* **INPUT DATA**
········
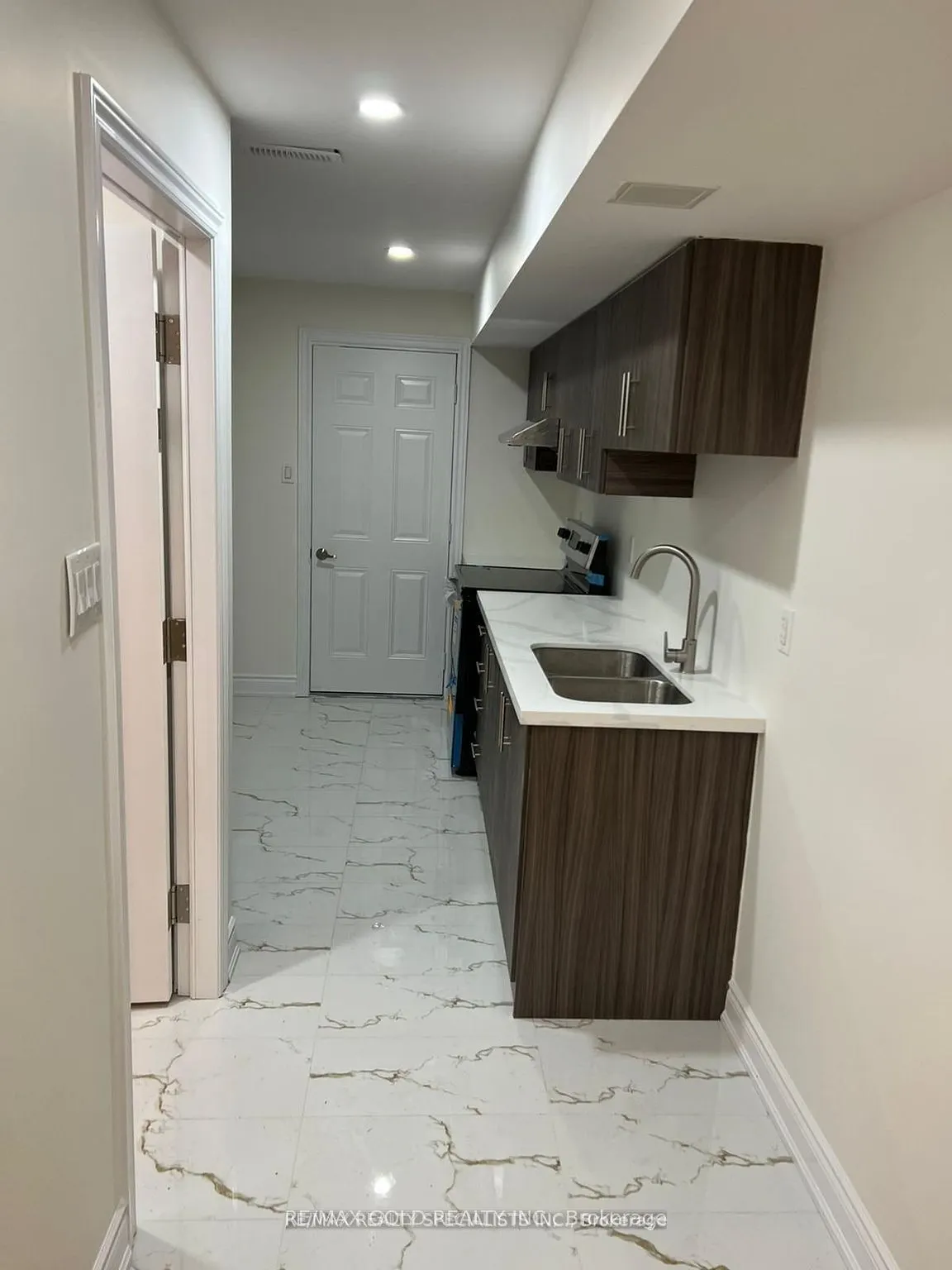 10 Brent Stephens Way, #Bsmt
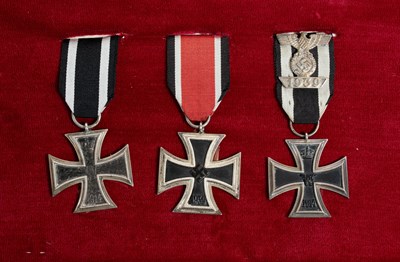 Lot 26 - A 1914 Iron Cross, 2nd Class, the suspender...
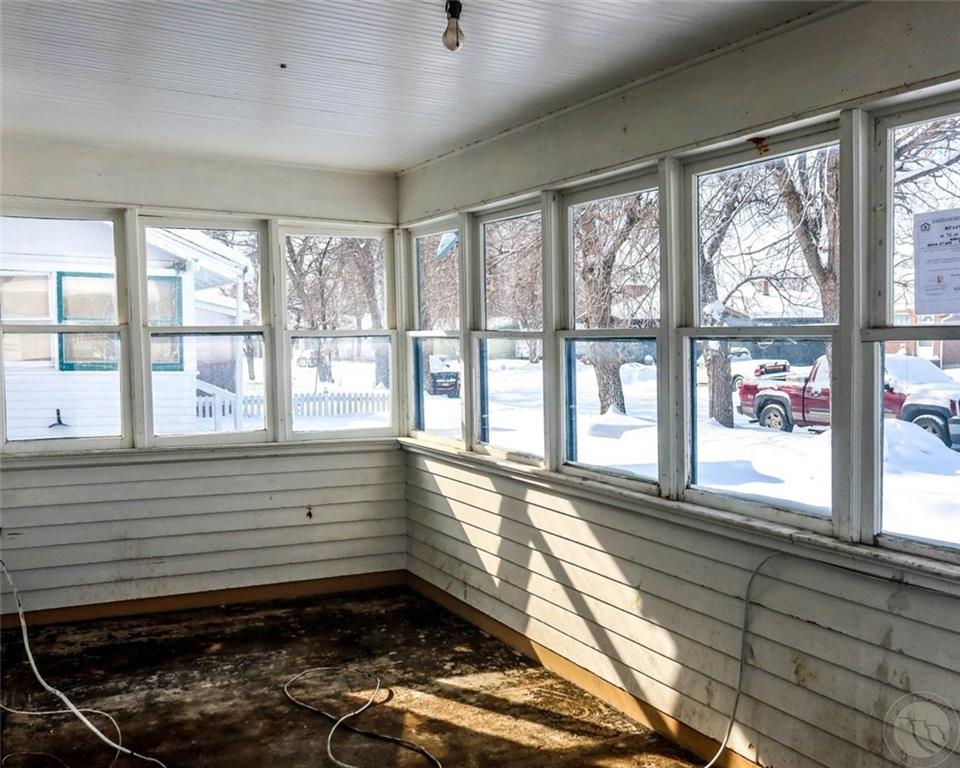 918 1st Street Property Photo 11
········
Output the material above verbatim but exclude each picture.

* **FINAL ANSWER**
 10 Brent Stephens Way, #Bsmt
 Lot 26 - A 1914 Iron Cross, 2nd Class, the suspender...
 918 1st Street Property Photo 11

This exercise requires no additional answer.